GUP may need more caution on NOWAIT, but vma lock is only in fault paths so
IIUC it's fine?
  
Suren Baghdasaryan June 12, 2023, 3:41 p.m. UTC | #6
On Mon, Jun 12, 2023 at 6:28 AM Peter Xu <peterx@redhat.com> wrote:
>
> On Fri, Jun 09, 2023 at 03:30:10PM -0700, Suren Baghdasaryan wrote:
> > On Fri, Jun 9, 2023 at 1:42 PM Peter Xu <peterx@redhat.com> wrote:
> > >
> > > On Thu, Jun 08, 2023 at 05:51:56PM -0700, Suren Baghdasaryan wrote:
> > > > migration_entry_wait does not need VMA lock, therefore it can be dropped
> > > > before waiting.

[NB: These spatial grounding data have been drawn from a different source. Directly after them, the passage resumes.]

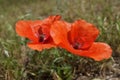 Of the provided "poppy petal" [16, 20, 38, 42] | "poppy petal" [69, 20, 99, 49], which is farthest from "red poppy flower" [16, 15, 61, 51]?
"poppy petal" [69, 20, 99, 49]

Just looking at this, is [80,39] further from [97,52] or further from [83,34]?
[97,52]

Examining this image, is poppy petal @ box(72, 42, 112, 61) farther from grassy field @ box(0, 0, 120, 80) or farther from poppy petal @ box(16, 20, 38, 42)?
poppy petal @ box(16, 20, 38, 42)

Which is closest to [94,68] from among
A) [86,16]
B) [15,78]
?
[15,78]

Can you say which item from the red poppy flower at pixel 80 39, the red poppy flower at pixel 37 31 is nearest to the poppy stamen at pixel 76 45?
the red poppy flower at pixel 80 39

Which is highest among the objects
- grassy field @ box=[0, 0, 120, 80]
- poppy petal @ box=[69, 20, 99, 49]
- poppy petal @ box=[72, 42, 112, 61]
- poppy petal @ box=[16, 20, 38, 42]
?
poppy petal @ box=[16, 20, 38, 42]

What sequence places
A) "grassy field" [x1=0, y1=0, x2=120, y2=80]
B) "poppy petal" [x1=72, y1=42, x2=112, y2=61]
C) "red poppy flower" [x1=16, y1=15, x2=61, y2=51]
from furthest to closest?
"grassy field" [x1=0, y1=0, x2=120, y2=80] < "red poppy flower" [x1=16, y1=15, x2=61, y2=51] < "poppy petal" [x1=72, y1=42, x2=112, y2=61]

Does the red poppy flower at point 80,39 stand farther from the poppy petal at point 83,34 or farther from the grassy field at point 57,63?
the grassy field at point 57,63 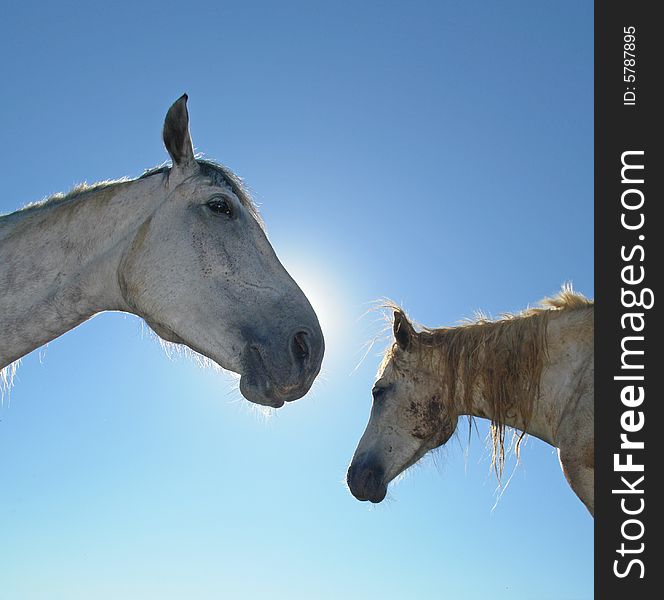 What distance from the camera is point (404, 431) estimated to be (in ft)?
18.0

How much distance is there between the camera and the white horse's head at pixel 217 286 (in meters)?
2.67

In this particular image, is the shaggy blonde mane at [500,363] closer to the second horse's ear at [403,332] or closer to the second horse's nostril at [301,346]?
the second horse's ear at [403,332]

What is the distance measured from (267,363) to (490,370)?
261 centimetres

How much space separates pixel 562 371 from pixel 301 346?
2.47m

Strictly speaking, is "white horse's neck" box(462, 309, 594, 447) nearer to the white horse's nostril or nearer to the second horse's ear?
the second horse's ear

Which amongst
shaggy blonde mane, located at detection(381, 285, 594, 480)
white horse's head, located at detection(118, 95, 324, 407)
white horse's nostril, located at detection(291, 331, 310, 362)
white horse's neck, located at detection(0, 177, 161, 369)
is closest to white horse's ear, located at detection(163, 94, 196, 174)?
white horse's head, located at detection(118, 95, 324, 407)

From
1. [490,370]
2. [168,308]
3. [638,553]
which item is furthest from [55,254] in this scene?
[638,553]

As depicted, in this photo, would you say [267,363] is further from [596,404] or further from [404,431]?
[404,431]

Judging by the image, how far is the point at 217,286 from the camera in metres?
2.81

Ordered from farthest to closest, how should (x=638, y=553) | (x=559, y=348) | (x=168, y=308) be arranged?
(x=559, y=348) → (x=638, y=553) → (x=168, y=308)

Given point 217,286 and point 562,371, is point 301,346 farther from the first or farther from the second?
point 562,371

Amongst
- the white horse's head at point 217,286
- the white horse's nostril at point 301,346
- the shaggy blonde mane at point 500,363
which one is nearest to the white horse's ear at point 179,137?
the white horse's head at point 217,286

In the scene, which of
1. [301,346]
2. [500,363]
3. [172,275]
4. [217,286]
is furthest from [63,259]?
[500,363]

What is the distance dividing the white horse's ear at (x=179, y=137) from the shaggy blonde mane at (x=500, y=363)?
9.33 feet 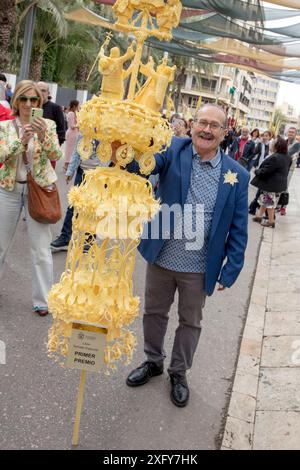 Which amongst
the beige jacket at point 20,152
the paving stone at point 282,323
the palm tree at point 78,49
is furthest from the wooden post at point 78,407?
the palm tree at point 78,49

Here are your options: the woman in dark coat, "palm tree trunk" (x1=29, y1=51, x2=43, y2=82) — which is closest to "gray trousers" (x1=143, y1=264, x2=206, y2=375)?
the woman in dark coat

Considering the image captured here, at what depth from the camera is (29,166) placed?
349 cm

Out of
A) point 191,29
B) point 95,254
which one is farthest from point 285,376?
point 191,29

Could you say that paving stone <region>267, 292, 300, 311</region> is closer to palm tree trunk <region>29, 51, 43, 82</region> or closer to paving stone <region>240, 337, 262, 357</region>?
paving stone <region>240, 337, 262, 357</region>

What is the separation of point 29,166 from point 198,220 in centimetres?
152

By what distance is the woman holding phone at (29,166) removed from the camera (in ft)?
10.8

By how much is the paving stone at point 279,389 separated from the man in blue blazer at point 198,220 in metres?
0.65

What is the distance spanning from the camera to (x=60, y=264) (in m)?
5.06

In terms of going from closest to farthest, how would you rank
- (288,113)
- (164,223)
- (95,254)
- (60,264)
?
(95,254) → (164,223) → (60,264) → (288,113)

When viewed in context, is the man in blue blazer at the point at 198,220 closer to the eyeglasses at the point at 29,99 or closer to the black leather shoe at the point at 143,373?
the black leather shoe at the point at 143,373

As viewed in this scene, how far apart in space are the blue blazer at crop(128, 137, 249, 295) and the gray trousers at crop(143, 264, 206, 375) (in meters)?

Introduce VM_FAULT_VMA_UNLOCKED to indicate that VMA
> > > > lock was dropped while in handle_mm_fault().
> > > > Note that once VMA lock is dropped, the VMA reference can't be used as
> > > > there are no guarantees it was not freed.
> > >
> > > Then vma lock behaves differently from mmap read lock, am I right?  Can we
> > > still make them match on behaviors, or there's reason not to do so?
> >
> > I think we could match their behavior by also dropping mmap_lock here
> > when fault is handled under mmap_lock (!(fault->flags &
> > FAULT_FLAG_VMA_LOCK)).
> > I missed the fact that VM_FAULT_COMPLETED can be used to skip dropping
> > mmap_lock in do_page_fault(), so indeed, I might be able to use
> > VM_FAULT_COMPLETED to skip vma_end_read(vma) for per-vma locks as well
> > instead of introducing FAULT_FLAG_VMA_LOCK. I think that was your idea
> > of reusing existing flags?
>
> Yes.
>
> I'd suggest we move this patch out of the series as it's not really part of
> it on enabling swap + uffd.  It can be a separate patch and hopefully it'll
> always change both vma+mmap lock cases, and with proper reasonings.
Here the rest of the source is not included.